News and Features

I didn’t join the Million People March: A Development Worker’s Defense of the PDAF

(Disclaimer: My views do not reflect those of my affiliations.)

I did not attend the “Million People March,” that gathering in Luneta last August 26 that brought together concerned Filipinos for the call to abolish the PDAF. Most people think I am simply a right-wing sell-out; I work for the government, for one, and I don’t think they would listen to someone from the government who defends the government. But here’s the thing.
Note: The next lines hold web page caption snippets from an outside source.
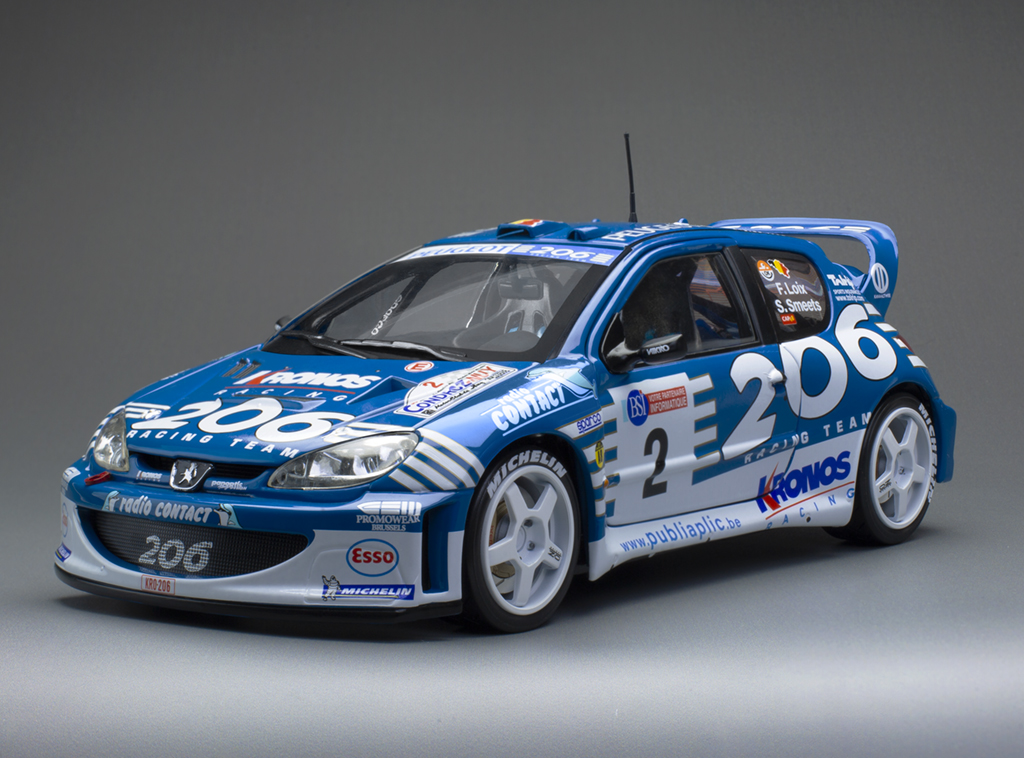 1:18 PEUGEOT 206 WRC №2 Winner Rallye Condroz-Huy F.Loix/S.Smeets (2003) - 03864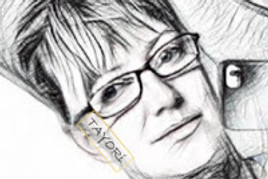 Sketch of me, Trish, the owner of TAYORi
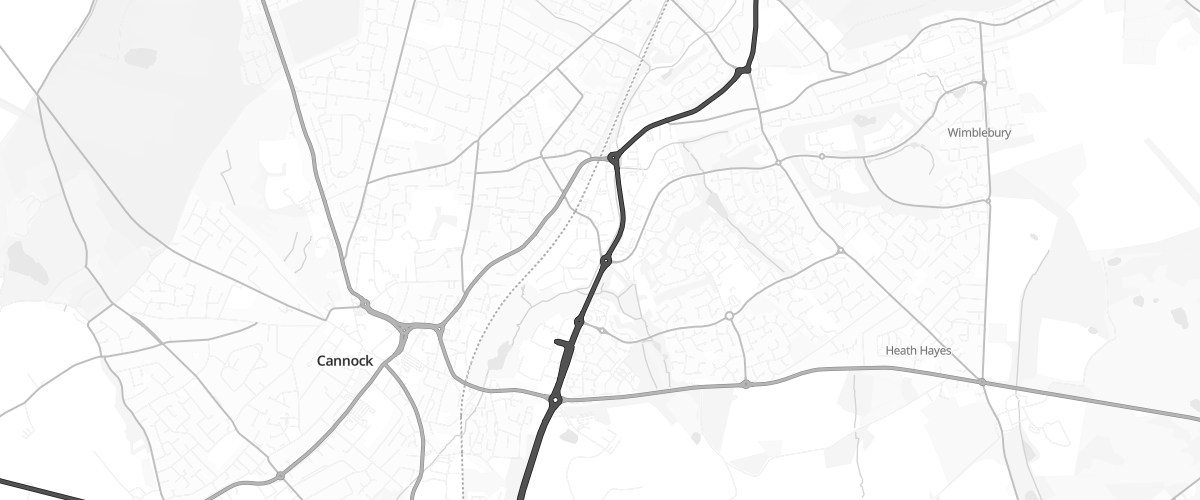 Map showing the location of Orbital Service Station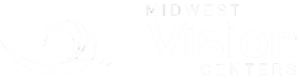 Midwest Vision Centers white logo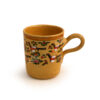Pottery Mug - with Bird Design & Mustard Yellow Color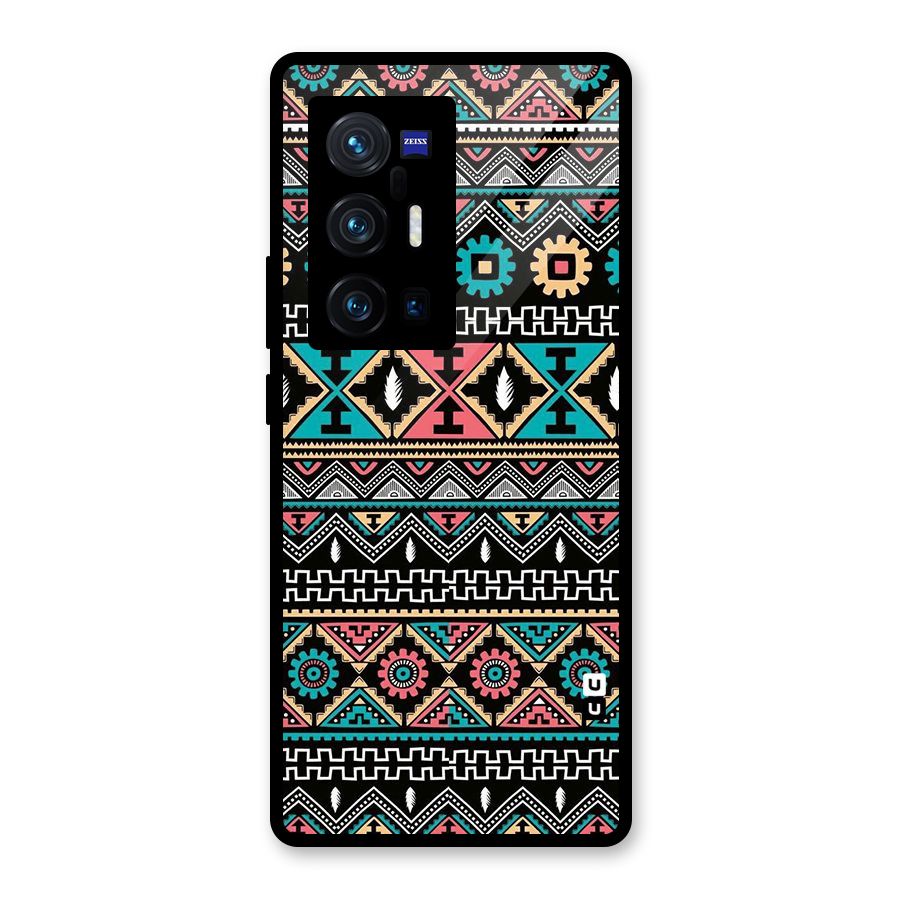 Aztec Beautiful Creativity Glass Back Case for Vivo X70 Pro Plus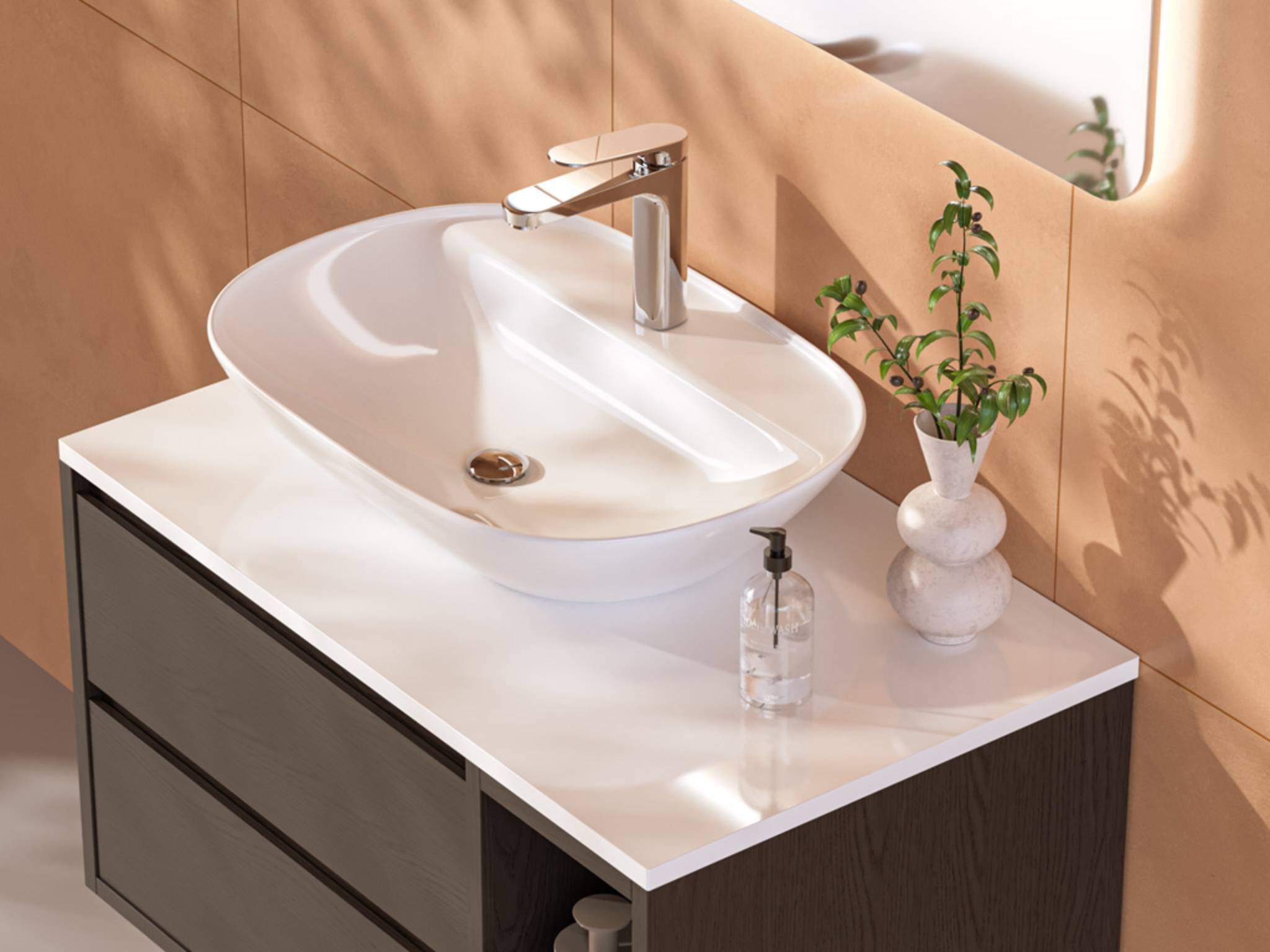 Lavabo de sobrecubierta grande l&iacute;nea Praga&reg;,,hi-res image number null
I saw for myself how PDAF lived up to its name of being a development assistance fund, because it was allocated strictly and responsibly.
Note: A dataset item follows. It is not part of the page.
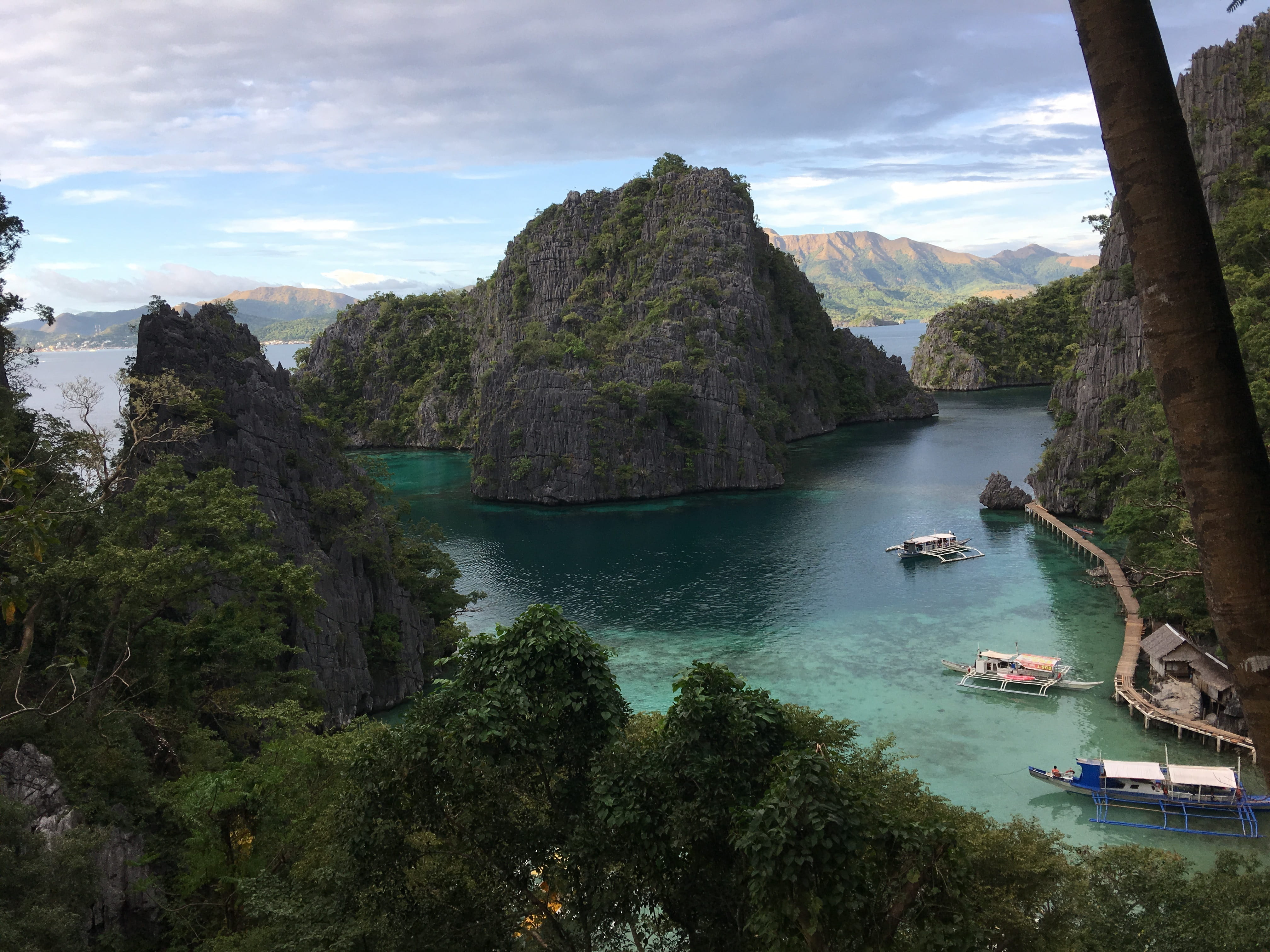 tranquil scene, non-urban scene, tranquility, surrounded, cliff, coastline, Lagoon, day, nature, famous Place, formation, Philippines, mode of transportation, HD Wallpaper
Lately we saw the dirty side of the PDAF through these fake NGOs and the Napoles scandal. Many Filipinos have called for the abolition of the PDAF, as it has become an avenue for corrupt politicians and legislators to rake in money intended for the poor and marginalized.
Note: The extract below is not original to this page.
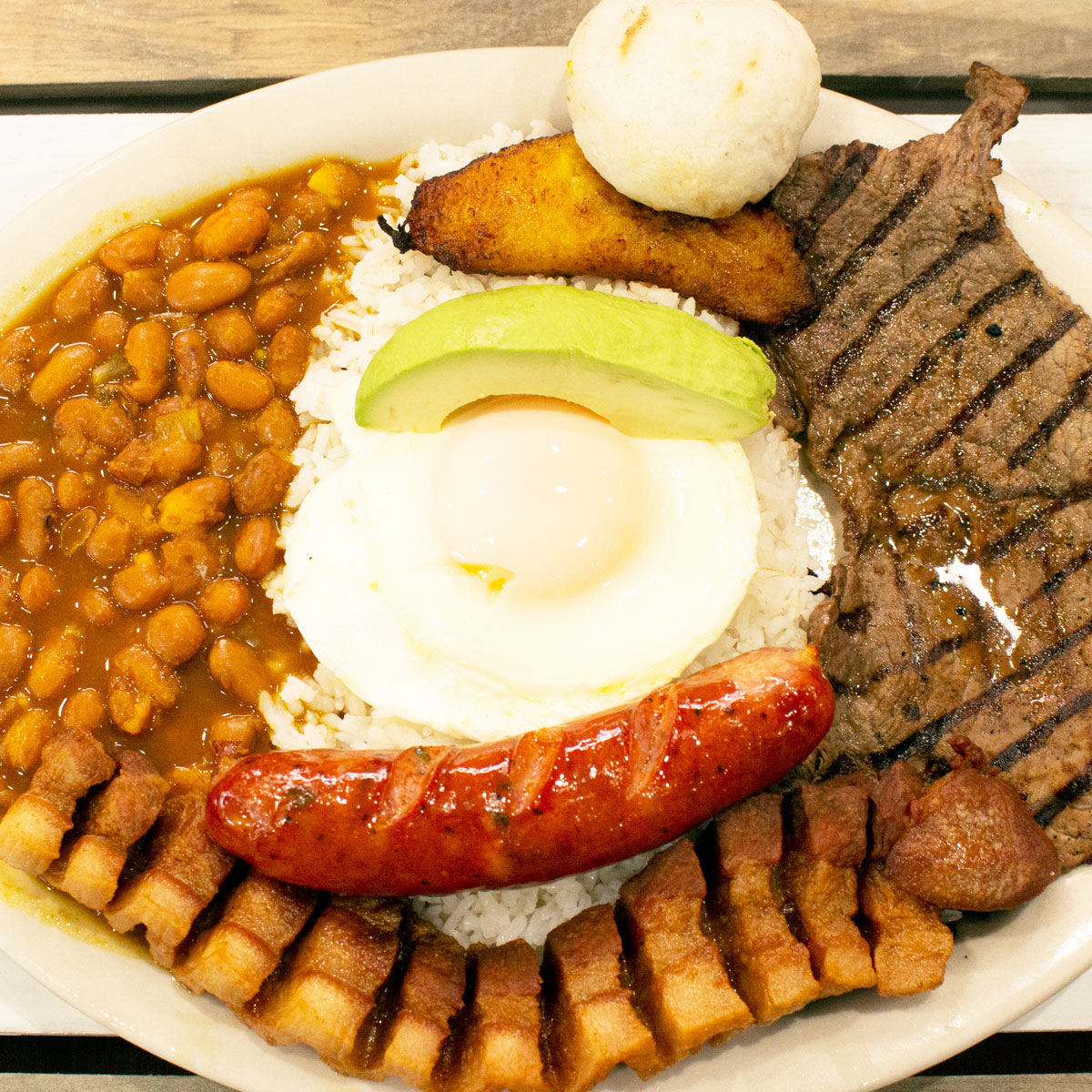 Colombian Bandeja Paisa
To this sentiment, I say, blame the corrupt politicians, not PDAF.

PDAF’s mechanisms are flawed, I agree. It directly or indirectly encourages patronage politics through its discretionary nature. The lack of a sufficient paper trail makes accountability an issue. Moreover, there are no guidelines on geographic allocation, so the decision of the legislator , i.e. no guidelines on geographic allocation. These pitfalls, however, should not discount the fact that the PDAF that is released through good intentions and means has changed lives of millions of Filipinos, for the better.

PDAF is the source of the funds that you see used for building hospitals and schools/universities from Basco to Bongao. It’s the same money pool that expands the DSWD social services for indigents. With PDAF, roads get constructed, livelihood programs get implemented, and water systems get grounded – and quickly.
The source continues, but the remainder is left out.